Ensuring IOT Data Integrity & Security with Identity and Access Management (IAM)


Modestas Jakuska focuses on the importance of using an Identity and Access Management (IAM) system in order to maintain data integrity and security in the context of IOT devices.

Ensuring  data integrity means ensuring that data is complete, original, consistent, attributable and accurate. Data must be protected at all stages of its lifecycle, when it is created, transmitted, in use or at rest. Otherwise, there is no assurance that the integrity of current data is maintained.

This is as important for IOT devices (computing devices that connect wirelessly to a network and have the ability to transmit data) as for any other device.  IOT devices are used across a variety of industries, including the life sciences industry where they are often employed in the control of drug product manufacturing or equipment monitoring, e.g. IOT sensor monitoring temperature, humidity, light intensity etc.

There are many considerations for ensuring data integrity for IOT devices including but not limited to:

  • Vendor / Supplier assessment.
  • Verification and definition of the ER (Entity-Relationship) model. 
  • Definition of security protocols used by IOT devices.
  • Definition and verification of  the use of cryptography for IOT communication.
  • Definition of procedures for good data management.
  • Identity and Access Management (IAM)

In this post, however, I will solely focus on the importance of using an Identity and Access Management (IAM) system in order to maintain data integrity and security. In the context of IOT devices, an IAM system is a set of policies and technologies that ensures that only specified IOT devices have access to specified resources with appropriate restrictions.

The importance of IAM has been highlighted by the recent NASA hack which occurred specifically due to the mismanagement of IOT devices. According to NASA Office of Inspector General [1]: “JPL uses its Information Technology Security Database (ITSDB) to track and manage physical assets and applications on its network; however, we found the database inventory incomplete and inaccurate, placing at risk JPL’s ability to monitor, report effectively, and respond to security incidents.”(Note JPL = Jet Propulsion Laboratory).

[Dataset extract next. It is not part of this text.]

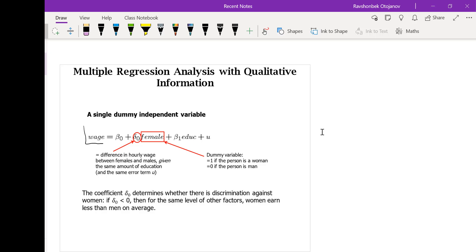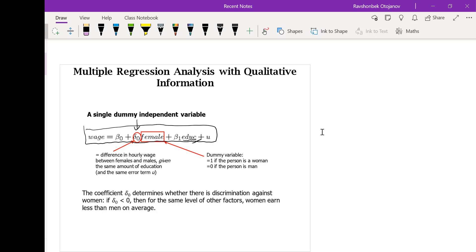In this case, we are regressing wage on gender and education. What we are doing here is testing if there is a difference in the hourly wage of females and males. Female takes a value of 1 if the person is female, and 0 otherwise. The variable education is just the number of years in education. Since this is multiple linear regression, we are testing whether there is a difference between the wages of males and females given that we are holding education constant — in other words, given the same education levels, do we still observe any difference? Delta_0 basically captures the difference in male and female wages.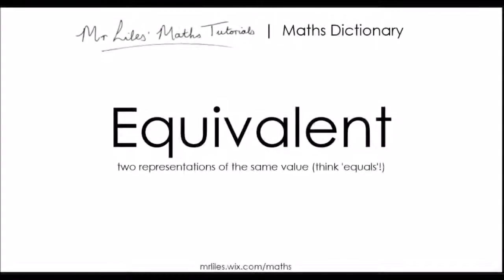Equivalent. Two representations of the same value. And have a think about the word equals.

No device or network is trivial. That includes even the most basic IOT devices. In fact, a Raspberry Pi (a credit-card sized computer that plugs into a computer monitor) was used to gain access to the network. Once accessed,  a network gateway was then used to gain access to other networks. This could all have been avoided if something like network segmentation had been implemented implemented. According to BBC News [2]:  ”Once the attacker had won access, they then moved around the internal network by taking advantage of weak internal security controls that should have made it impossible to jump between different departmental systems … The stolen data came from 23 files, but little detail was given about the type of information that went astray.”

After this ‘hack’ NASA implemented measures to address the identified system weaknesses, including but not limited to semi-annual assessment of inventory to ensure that the system components are registered in the Information Security Database.

In conclusion, the implementation of and adherence to robust IAM policies and technologies is a crucial element in the preservation of data integrity and security for IOT devices.  Failure to do so exposes the data to the risk of corruption, alteration or destruction.


[1] “Cybersecurity Management and Oversight at the Jet Propulsion Laboratory”,, 2019. [Online]. Available: [Accessed: 03-Aug-2019].

[2] “Raspberry Pi used to steal data from Nasa”, BBC News, 2019. [Online]. Available: [Accessed: 03-Aug-2019].